Here are some random facts about me that not many people know:

  • I was born with a tooth, and it was pulled when I was one day old. My parents' dentist was just out of school and came to the hospital. He was my dentist for over 40 years and just retired a couple of years ago. It's genetic, as my niece was born with a tooth also.
  • I'm very shy, quiet and reserved when people get to know me. I'm told how mellow and calm I am, but on the inside I'm the most intense person I know.
  • I learned to read and write at an early age. I was reading encyclopedias when I was four, and I catalogued my parents record collection when I was five. My childhood IQ was something like 185, and I skated through school on brain power alone. It wasn't until my upper division work in Chemical Engineering at Berkeley that I even needed to study. With no study habits ever learned, it was too late.

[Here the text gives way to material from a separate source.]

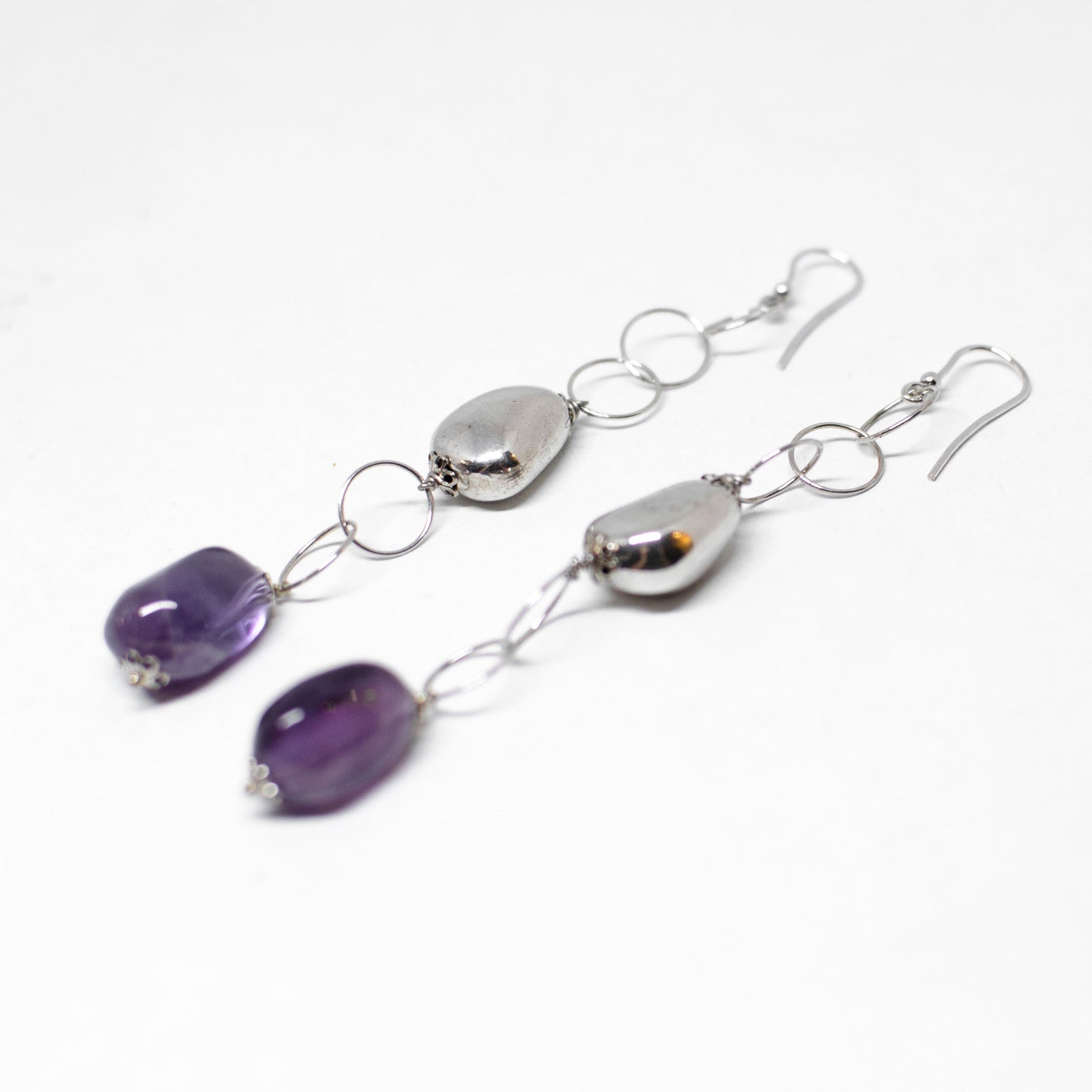 Quartz stone and silver earrings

I dropped out after three years and later became an architect.
  • I jog two miles every day.
  • I'm a European mutt, being parts: English, Irish, Swiss, Lithuanian, German and Swedish.
  • I'm a direct descendant of a slave in the Colonial South.

Wheat and Tares

Ron McKenzie uses his experience growing up on a farm to explain the parable of the wheat and tares. He contends that in relation to the wheat, the tares are few in number. Some teachings hold to equal amounts of each, as if evil were as prevalent in the established kingdom as good. Unfortunately, there are some churches where the pastors are so zealous about keeping tares from being sown and so zealous about uprooting the tares when they think they see tares, that enormous amounts of wheat are uprooted in the process.

Wednesday, July 25, 2007

Five CD's For A Deserted Island

If I were stranded on a deserted island and was able to choose five CD's to listen to until Gilligan helped me off the island, these would be the five. They're not my five favorites (only three of them are) but they would give me just the right amount of musical diversity to avoid going crazy.

  1. 1. Boston (Boston's self-titled debut album)
  2. 2. Led Zeppelin III
  3. 3. Led Zeppelin IV
  4. 4. Clear Blue Sky - George Strait
  5. 5. Bach's Goldberg Variations as recorded on harpsichord by Ton Koopman.

Now, you can guess my favorite three if you want.

Tuesday, July 24, 2007


I fell asleep on the couch last night and stayed there. I was out. I got almost ten hours, and I still feel tired. I was going to post last night about Israel and the Church, but I'll have to do that tonight. Mrs. Scott was gracious enough to let me sleep, and took both baby feedings.

Friday, July 20, 2007

Yo, Commish! Get With The Program!

Baseball commissioner Bud Selig has been acting like a weasel over whether he would try to be in attendance when Barry Bonds breaks the home run record. Read my post about it over at From The Bleachers.

Thursday, July 19, 2007

What Is Israel?

In my last post, I gave a brief description of what I believe the church to be. Here, I'll give what I think Israel to be. There are several ideas of Israel. One is Jacob's new name given to him by God. One is an ancient geo-political nation in the middle east. One is a geo-political state today. I'm dealing with none of these. I'm concentrating on the idea of God's covenant people.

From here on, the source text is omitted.